## Task statement
From the listing below, retype exactly the line holding "2220 Village Walk", the line holding "kopané odznaky, kokarda, medaila - 9", and the lines between them; skip everything else.

----------------

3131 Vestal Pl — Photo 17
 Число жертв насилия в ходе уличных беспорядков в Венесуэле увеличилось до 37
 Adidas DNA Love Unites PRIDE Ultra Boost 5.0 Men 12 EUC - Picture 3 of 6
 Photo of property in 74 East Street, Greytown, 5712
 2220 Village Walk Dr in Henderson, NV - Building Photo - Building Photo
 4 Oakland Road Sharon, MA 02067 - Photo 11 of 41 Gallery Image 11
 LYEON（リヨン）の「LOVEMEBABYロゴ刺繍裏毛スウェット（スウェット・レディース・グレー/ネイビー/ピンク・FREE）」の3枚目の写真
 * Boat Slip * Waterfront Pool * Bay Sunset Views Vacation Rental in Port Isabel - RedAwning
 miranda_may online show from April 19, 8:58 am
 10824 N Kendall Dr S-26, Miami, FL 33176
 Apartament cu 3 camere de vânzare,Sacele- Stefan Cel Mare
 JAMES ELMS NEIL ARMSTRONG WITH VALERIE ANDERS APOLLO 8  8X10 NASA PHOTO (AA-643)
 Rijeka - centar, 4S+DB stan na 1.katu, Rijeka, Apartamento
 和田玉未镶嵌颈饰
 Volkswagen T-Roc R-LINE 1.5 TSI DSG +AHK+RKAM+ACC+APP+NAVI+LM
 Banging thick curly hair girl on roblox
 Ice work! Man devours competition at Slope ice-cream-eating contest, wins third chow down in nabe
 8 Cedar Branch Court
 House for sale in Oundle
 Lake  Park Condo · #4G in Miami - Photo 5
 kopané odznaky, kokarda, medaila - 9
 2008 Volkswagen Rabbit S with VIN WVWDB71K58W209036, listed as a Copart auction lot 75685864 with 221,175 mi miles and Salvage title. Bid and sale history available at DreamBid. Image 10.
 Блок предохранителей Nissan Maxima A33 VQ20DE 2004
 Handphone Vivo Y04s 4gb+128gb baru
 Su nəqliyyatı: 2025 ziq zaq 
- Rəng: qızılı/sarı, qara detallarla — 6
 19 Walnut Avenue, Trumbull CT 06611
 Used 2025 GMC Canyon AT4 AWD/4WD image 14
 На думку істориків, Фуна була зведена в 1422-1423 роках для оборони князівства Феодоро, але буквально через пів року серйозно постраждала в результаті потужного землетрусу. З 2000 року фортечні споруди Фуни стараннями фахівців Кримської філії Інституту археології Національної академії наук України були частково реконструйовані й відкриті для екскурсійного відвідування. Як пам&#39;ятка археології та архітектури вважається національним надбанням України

----------------

## Result
 2220 Village Walk Dr in Henderson, NV - Building Photo - Building Photo
 4 Oakland Road Sharon, MA 02067 - Photo 11 of 41 Gallery Image 11
 LYEON（リヨン）の「LOVEMEBABYロゴ刺繍裏毛スウェット（スウェット・レディース・グレー/ネイビー/ピンク・FREE）」の3枚目の写真
 * Boat Slip * Waterfront Pool * Bay Sunset Views Vacation Rental in Port Isabel - RedAwning
 miranda_may online show from April 19, 8:58 am
 10824 N Kendall Dr S-26, Miami, FL 33176
 Apartament cu 3 camere de vânzare,Sacele- Stefan Cel Mare
 JAMES ELMS NEIL ARMSTRONG WITH VALERIE ANDERS APOLLO 8  8X10 NASA PHOTO (AA-643)
 Rijeka - centar, 4S+DB stan na 1.katu, Rijeka, Apartamento
 和田玉未镶嵌颈饰
 Volkswagen T-Roc R-LINE 1.5 TSI DSG +AHK+RKAM+ACC+APP+NAVI+LM
 Banging thick curly hair girl on roblox
 Ice work! Man devours competition at Slope ice-cream-eating contest, wins third chow down in nabe
 8 Cedar Branch Court
 House for sale in Oundle
 Lake  Park Condo · #4G in Miami - Photo 5
 kopané odznaky, kokarda, medaila - 9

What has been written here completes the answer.